A rod of length $l$ slides on two mutually perpendicular axes. At the ends of the rod, two lines making angles $60^\circ$ and $30^\circ$ with the rod are drawn then prove that the locus of point of intersection of the lines is independent of the length of the rod. Also, find the position of maximum distance of the locus from the origin.
Assuming that the rod is sliding on x-axis and y-axis. When it is on x-axis, if one end is at origin O, the other end is at A and one line making $60^\circ$ with the rod at O and other line making $30^\circ$ at A then that means the point of intersection is on the line passing through origin and making $60^\circ$ with x-axis. Thus, locus is $y=\sqrt3x$.
Similarly, if line through O is making $30^\circ$ with the rod and the one through A is making $60^\circ$ with the rod then locus will be $y=\frac1{\sqrt3}x$
How to find the position of maximum distance of the locus from the origin?

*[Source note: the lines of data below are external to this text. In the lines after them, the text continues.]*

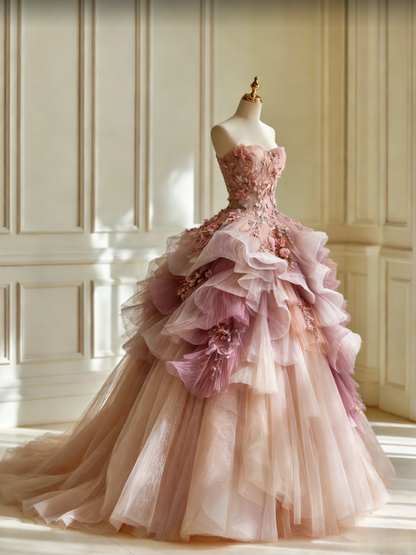 Gorgeous Pink Long Prom Dresses Strapless A-Line Evening Dresses Tulle Sleeveless Quinceanera Dresses ED06236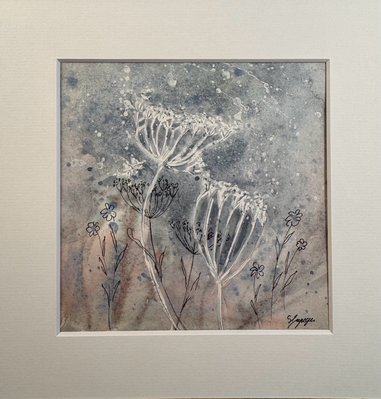 Aquarell, 20 × 20 cm inklusive Passpartout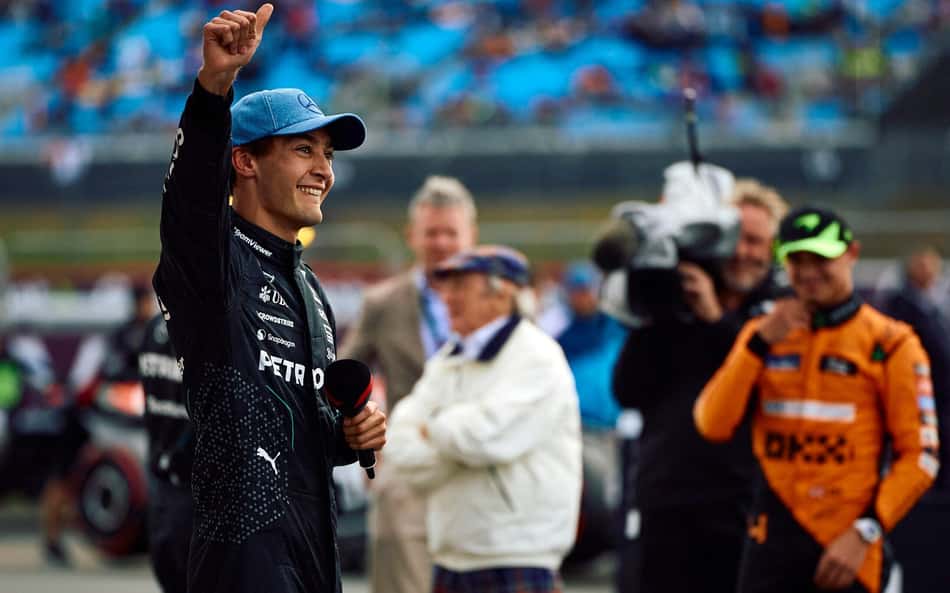 Russell vibra com Mercedes 'voadora' na Inglaterra e se anima: 'Estamos bem'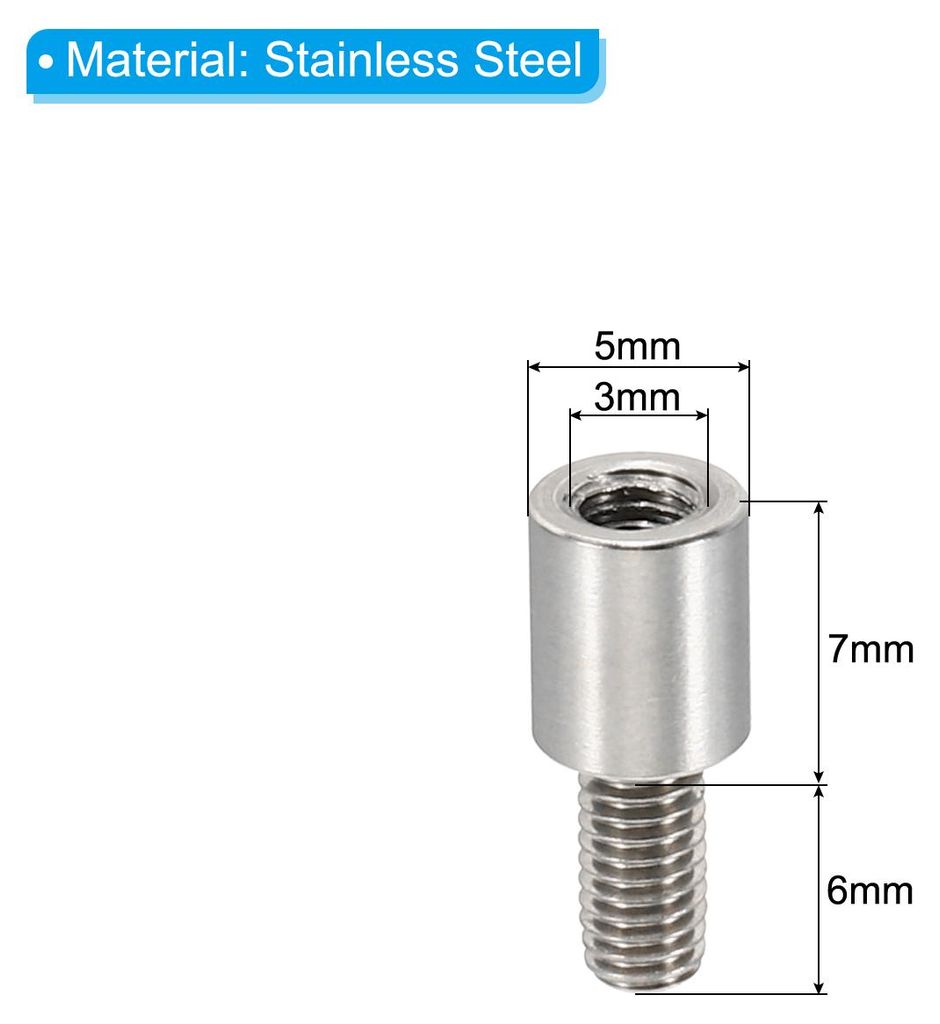 24 Stš¹ck M3 Abstandshalter, M3 7+6mm Spacer Distanzhš¹lsen Edelstahl Gewindeabstandshalter Schrauben Set 3mm ID 5mm OD Metrische m?nnliche wei...
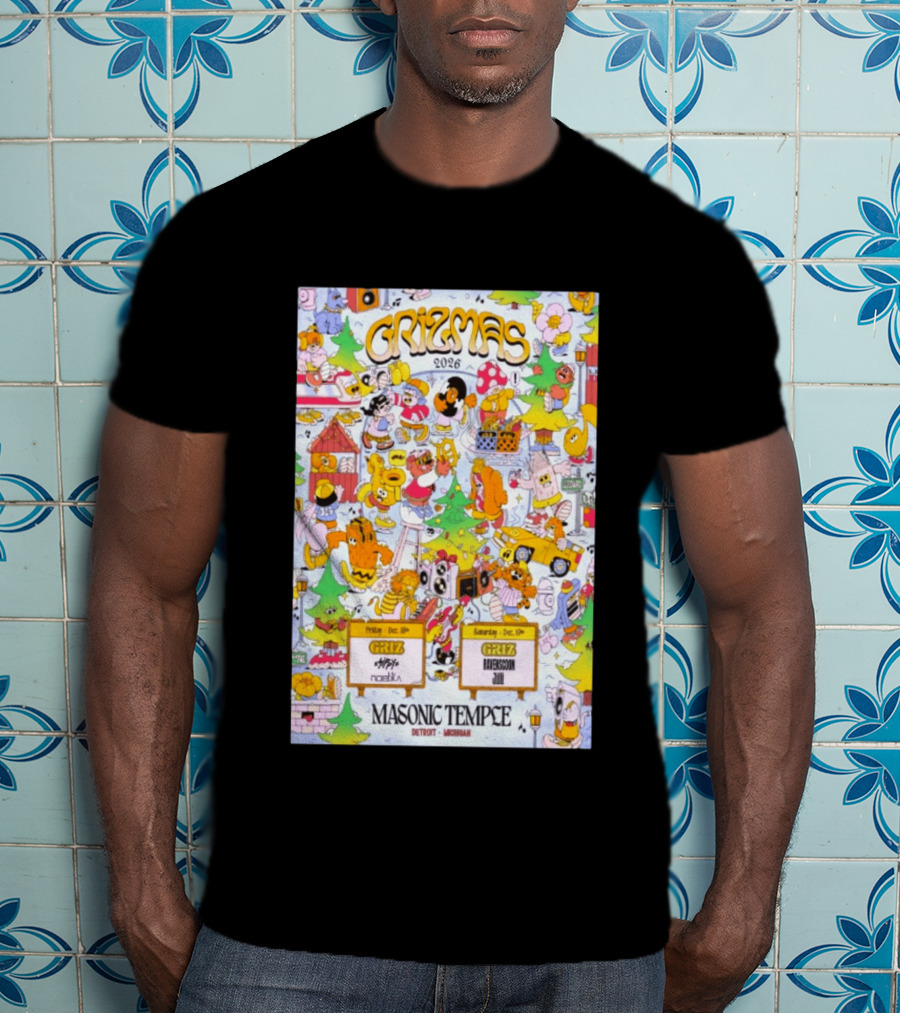 GRiZMAS 2026 Masonic Temple Detroit Michigan GRiZ Sippy Noetika Event Cartoons T-Shirt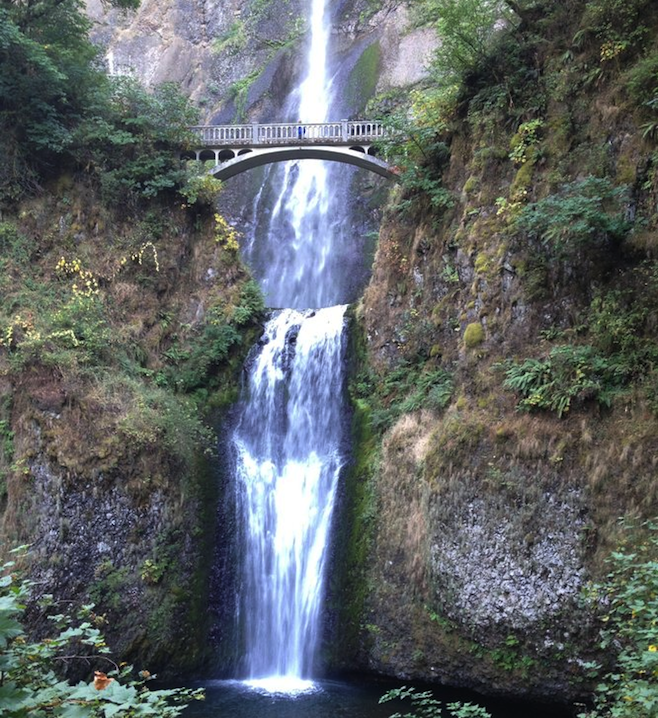 Footbridge above the lower cascade at Oregon's Multnomah Falls.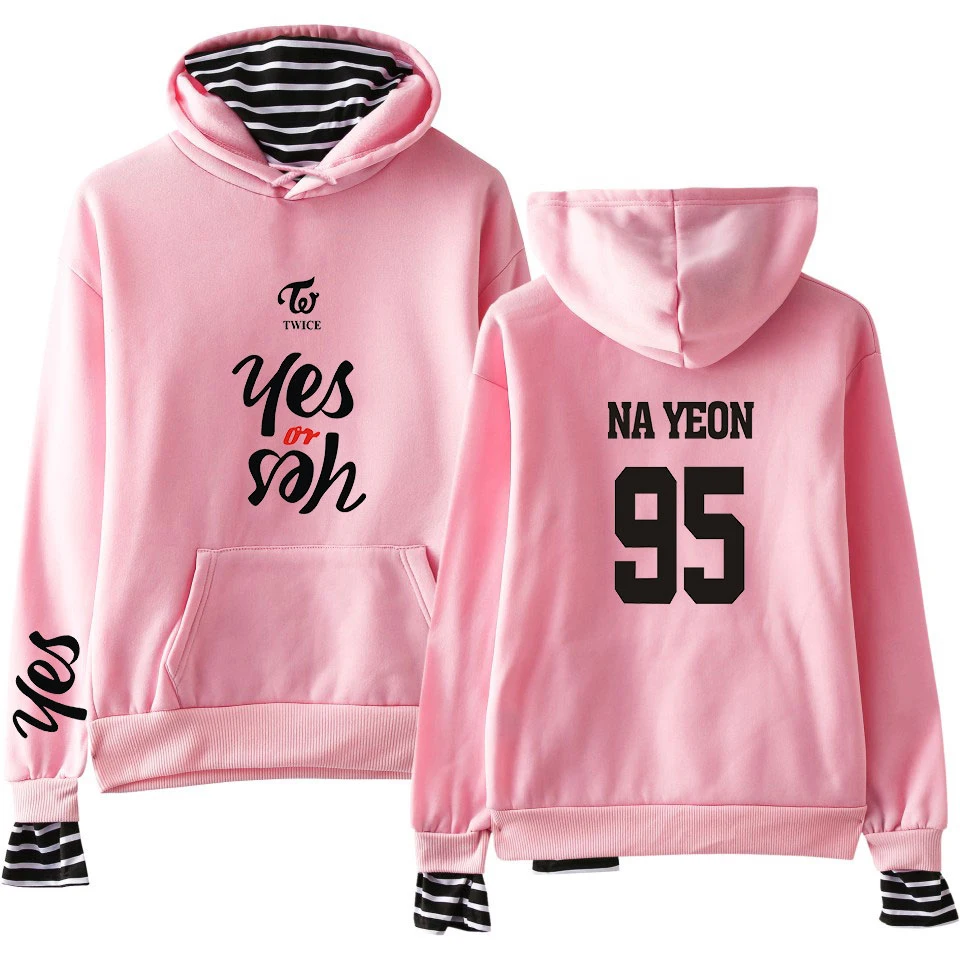 Twice Yes or Yes Print Hoodies Twice Yes or Yes Print Hoodies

In the solution given, they have said angle BAO=$60^\circ$ (B is the end point of the rod when it is moving on y-axis)
And angle OBA=$30^\circ$ or OP=BA=$l$.
I do not understand this.
A similar question exists on this website. But there, the rod is sliding between two axes. In my question, it's on the two axes. Also, in my question, the locus is independent of the length of the rod. But in the linked question, locus is dependent on the length of the rod.